A dissent changed Monterrubio’s first name to “Andy” to illuminate how her actions would be interpreted as cut-and-dry sexual harassment if she were male, but the justices who joined the majority opinion dismissed this comparison. The majority opinion argued that context matters, and that same-sex harassment must be judged differently from opposite-sex harassment. In that case, they should recognize that the gender of the victim is important context, too: Showing a woman a photo of male genitalia is a different act than showing the same photo to a man. Making repeated comments about a woman’s breasts is a different act than discussing a man’s weight-loss regimen. Comments about gender-specific anatomy alone may not be sexual harassment, but when paired with unwanted sexual touching and a promise to think about the victim during sex, it very well may be.

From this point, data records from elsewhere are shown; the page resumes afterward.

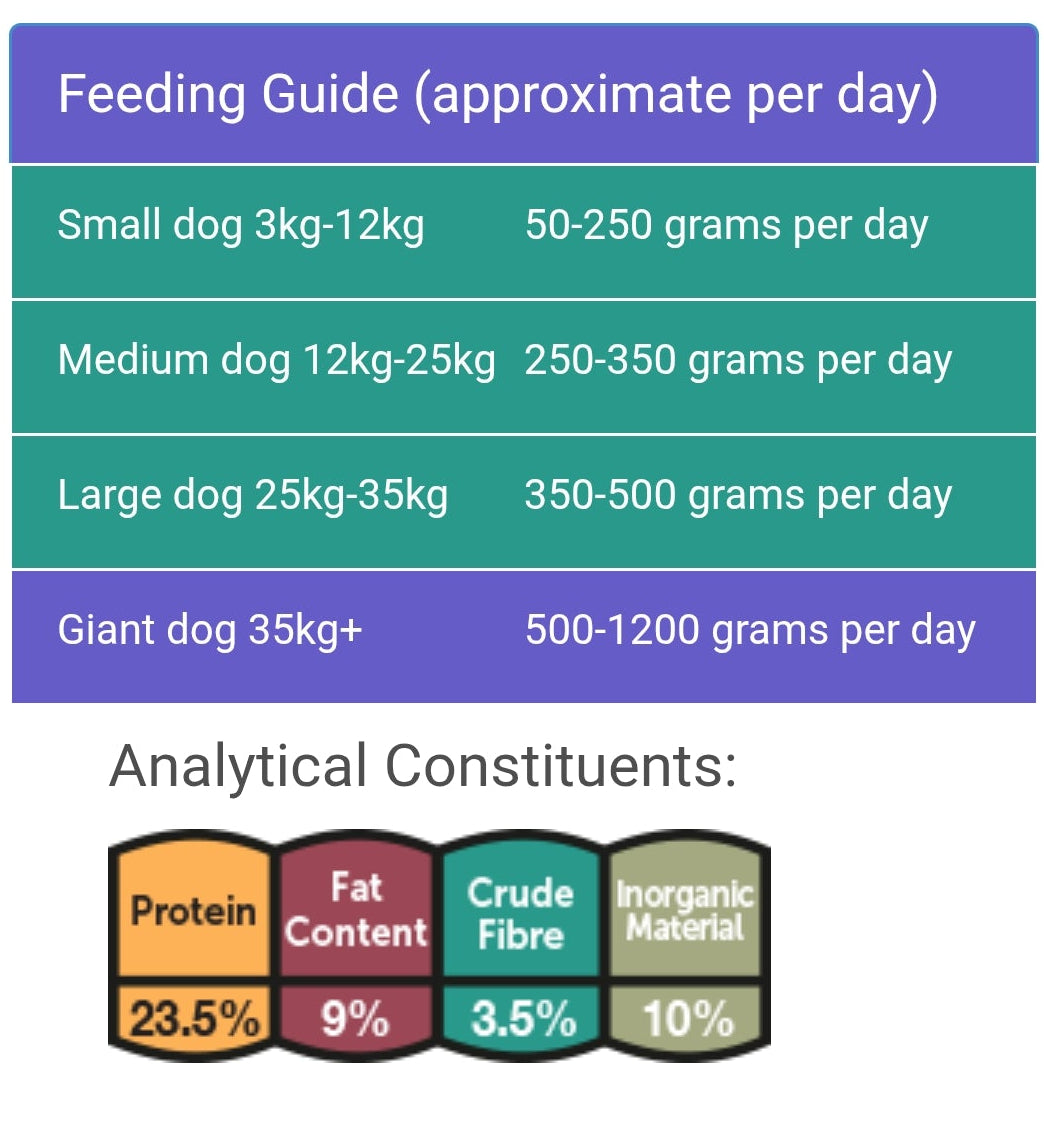 Feeding guide for dogs displayed on a smartphone screen with a browser open to feedwell.com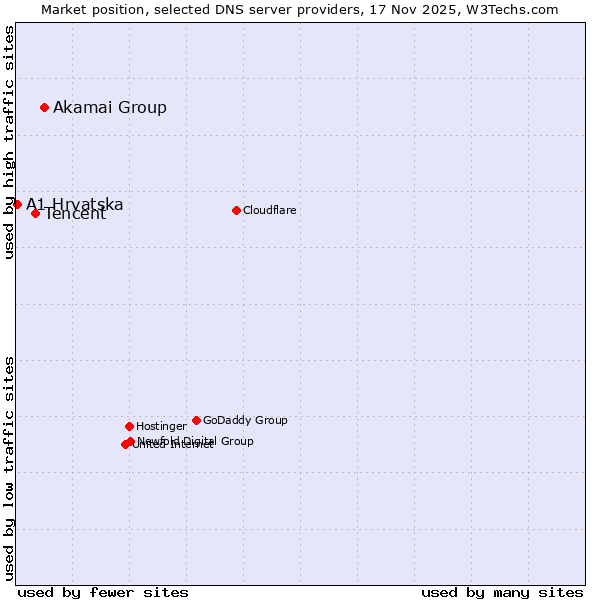 Market position of Akamai Group vs. Tencent vs. A1 Hrvatska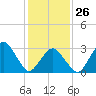 Wallops Island tide chart for Monday, January 26, 2026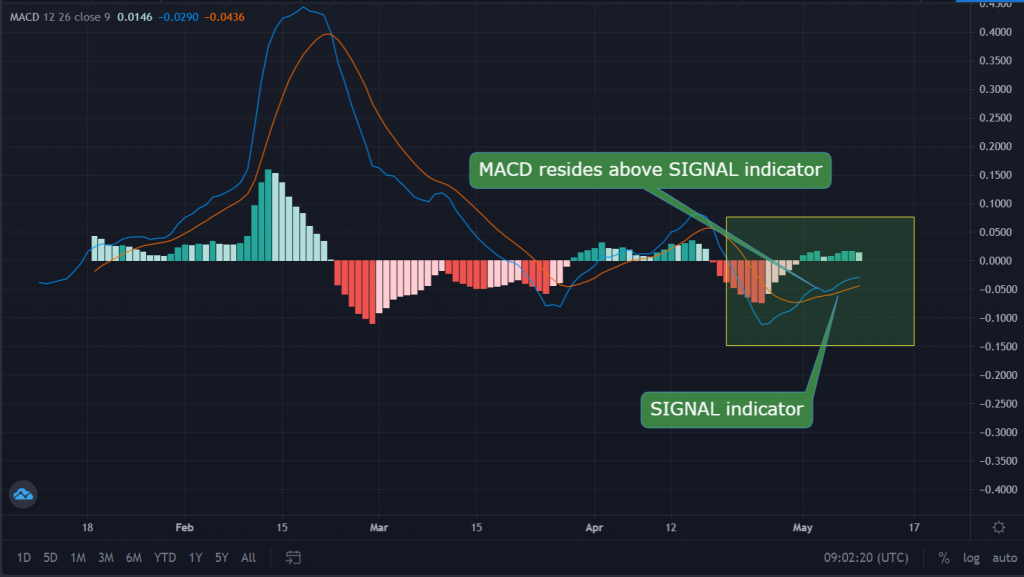 GRT MACD indicator (Source TradingView)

The Texas Supreme Court’s opinion also advances several ludicrous ideas about sexual desire and the motivations behind sexual harassment. Though Clark never alleged that Monterrubio is gay—only that she’d heard a rumor, and that, fair or not, made her increasingly disturbed by Monterrubio’s comments—the court took it upon itself to “review the record” for evidence that she might be. This is a gross misunderstanding of sexual orientation and harassment that exposes a judicial body ill-equipped to interpret questions of sexuality. A woman need not be a lesbian or bisexual to harbor some sexual desire toward another woman, just as a man need not be attracted to a specific woman, or women in general, to sexually harass her. In the court’s view, sexual orientation is fixed, laser-focused, and absolute, with no option for a person to seek sex-related gratification outside her chosen dominion.

By using an argument based on sexual orientation to excuse sexually humiliating behavior, the justices are envisioning a justice system wherein a bisexual woman could potentially be legally exempt from all gender-discrimination complaints because she is attracted to both genders; a gay man could touch a woman’s genitals with impunity because he usually likes men; or an asexual man could be excused from all harassment claims because he has no sexual desire for people of any gender. The argument also rests on the assumption that, for instance, heterosexual men who harass women are specifically, sexually interested in those women. But, although talking to and touching someone in sexual ways is indubitably motivated by sex and tied to gendered power dynamics, it need not be motivated by a general sexual desire for that victim’s gender to be gender-based harassment.

In one of the strangest parts of the opinion, the justices invoke Oncale’s example of a football coach hitting a player’s butt on his way out to the field (probably not harassment) and performing the same act on his female secretary (probably harassment) to explain away as “sexual horseplay” the incident in which Monterrubio and another female colleague grabbed Clark’s butt during a photo. The justices note that other courts assessing same-sex sexual harassment claims have determined that even acts as severe as “grabbing the plaintiff’s genitals, poking the plaintiff’s rectum, the harasser running her hands and body over the plaintiff’s body, and the harasser grinding his genitals on the plaintiff” could be interpreted as horseplay rather than harassment rooted in sex or gender. One of the court cases cited in that horrifying rundown, Smith v. Hy-Vee, involved a boss who dry-humped, ran her hands over, and smacked the butts of employees of all genders.

Neither that case nor the football coach example are appropriate analogues to Clark’s situation. Groping someone during a photo shoot is not an accepted gesture of encouragement, and Monterrubio allegedly reserved certain sexual comments and behaviors for Clark alone. Still, it is a failure of sexual harassment law that the act is defined so specifically that a female plaintiff must offer evidence of lesbianism or a broad misogynist worldview to prove a hostile work environment created by a woman. Calling sexual orientation the last word on desire misrepresents both the power-driven nature of sexual harassment and the nature of desire itself.